I asked several of your officers where
they thought this protest would end. They claimed that they did not
know. I would suggest that they do know, but do not want to
acknowledge the obvious. As our ecosystem collapses in the face of
climate change and resource depletion and the economy becomes
increasingly energy dependent, protests like Balcome will be the norm
of your policing efforts, not the exception, and they will become
increasingly intense with no end in sight. This is not what your
best officers signed up for.
It is clear on speaking to your
officers they are under a dangerous misapprehension. They claim that
they are neutral, when they clearly are not. It is their job to
uphold the law and the law is not neutral.
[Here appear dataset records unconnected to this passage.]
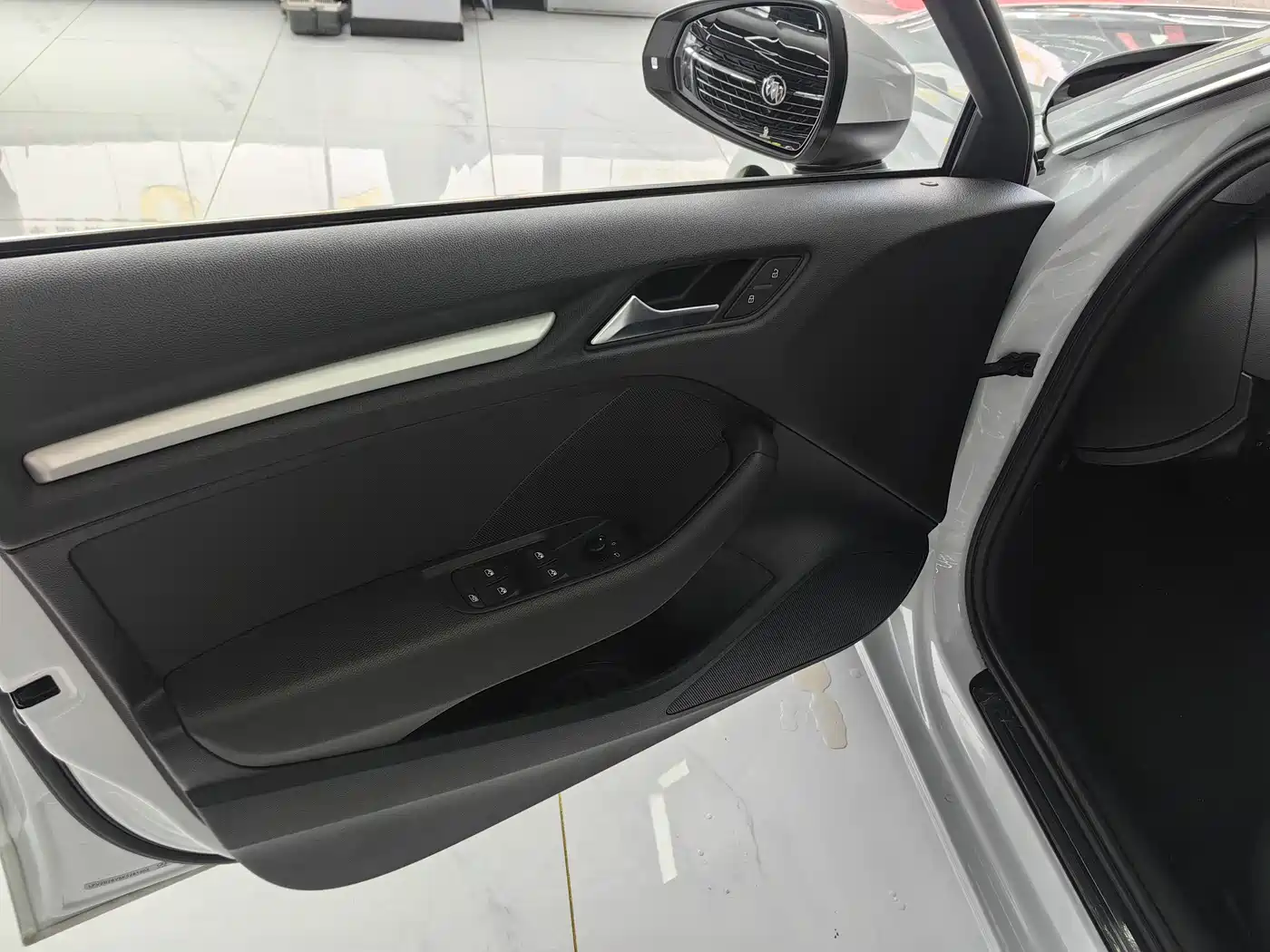 Audi A3 2019 Sportback 35 TFSI Progressive China VI фото 5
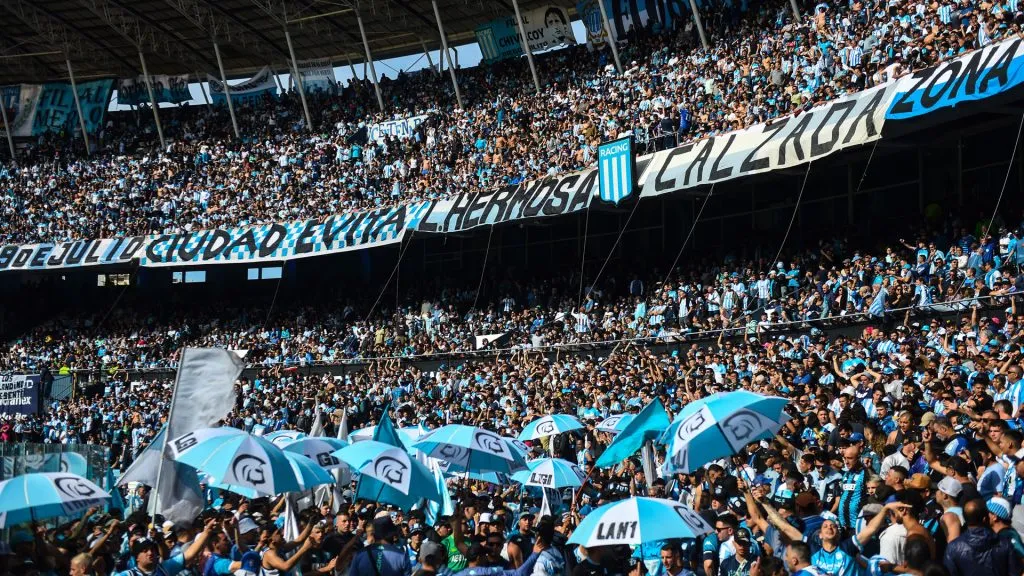 La Academia cuenta con una de las hinchadas más apasionadas (Getty Images)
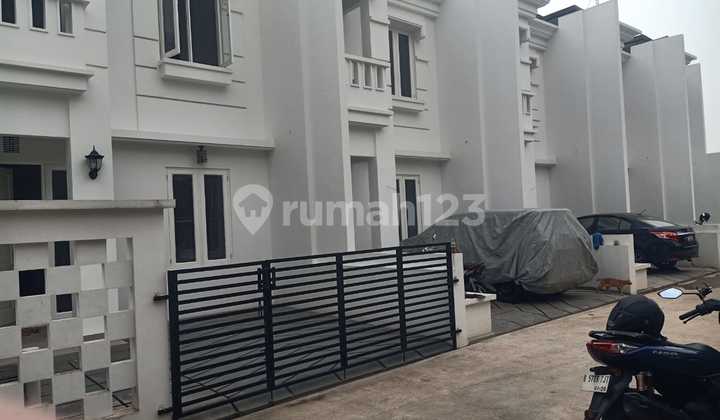 Rumah American Clasik Lingkungan Cluster Aman Nyaman 2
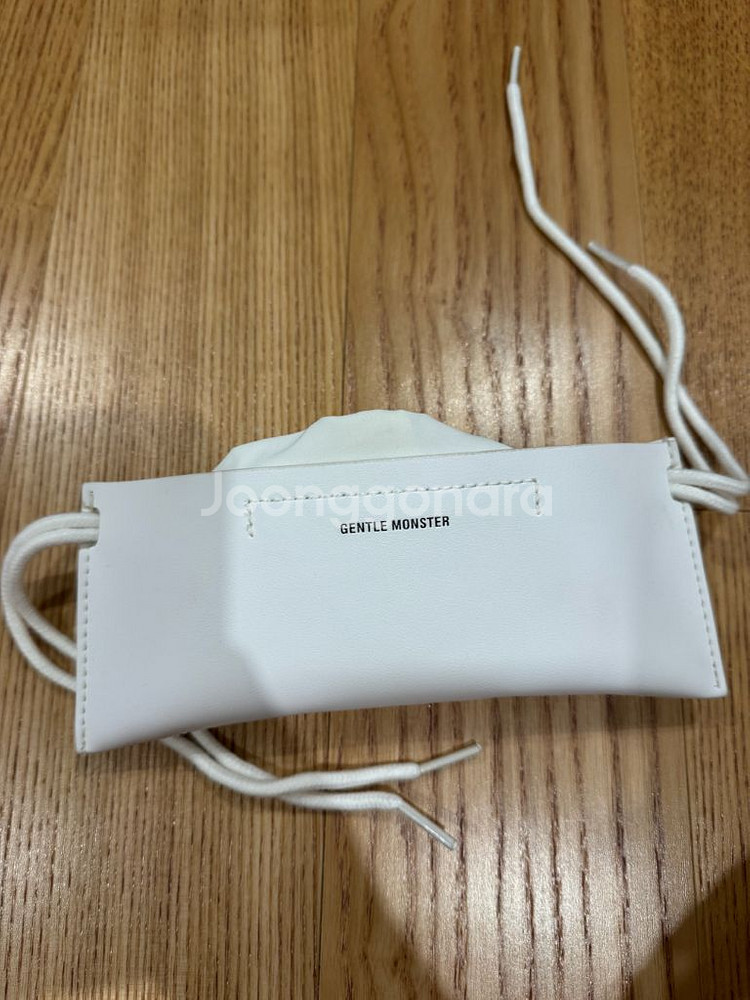 젠틀몬스터 LE-01 블랙 선글라스--4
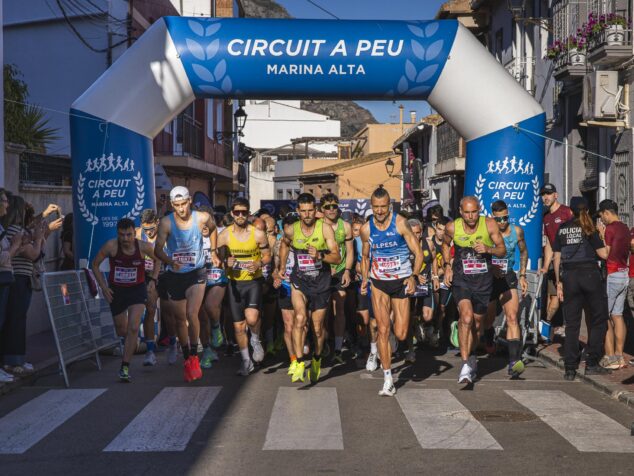 Imagen: Salida de la Cursa Popular Jesús Pobre del Circuit a Peu Marina Alta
The law of this country
makes it legal for a company to destroy the environment, to expand
and create greenhouse gases. That same law makes it illegal for
anyone to stand in the way and stop the destruction. In no way can
this be described as neutral.
As a result of your officers upholding
the law and not staying neutral Cuadrilla's lorries deliver the
drilling equipment, the drilling goes ahead and the environment that
people need is destroyed with the help of your police protection. The
protest is already unsuccessful in achieving its objective of
stopping the drilling so the same battle of attrition will move to
the next site. These protests are tolerated by you only so long as
they are ineffective. Effective protest would be to stop the lorries
by force now that all appeal to reason and logic has failed.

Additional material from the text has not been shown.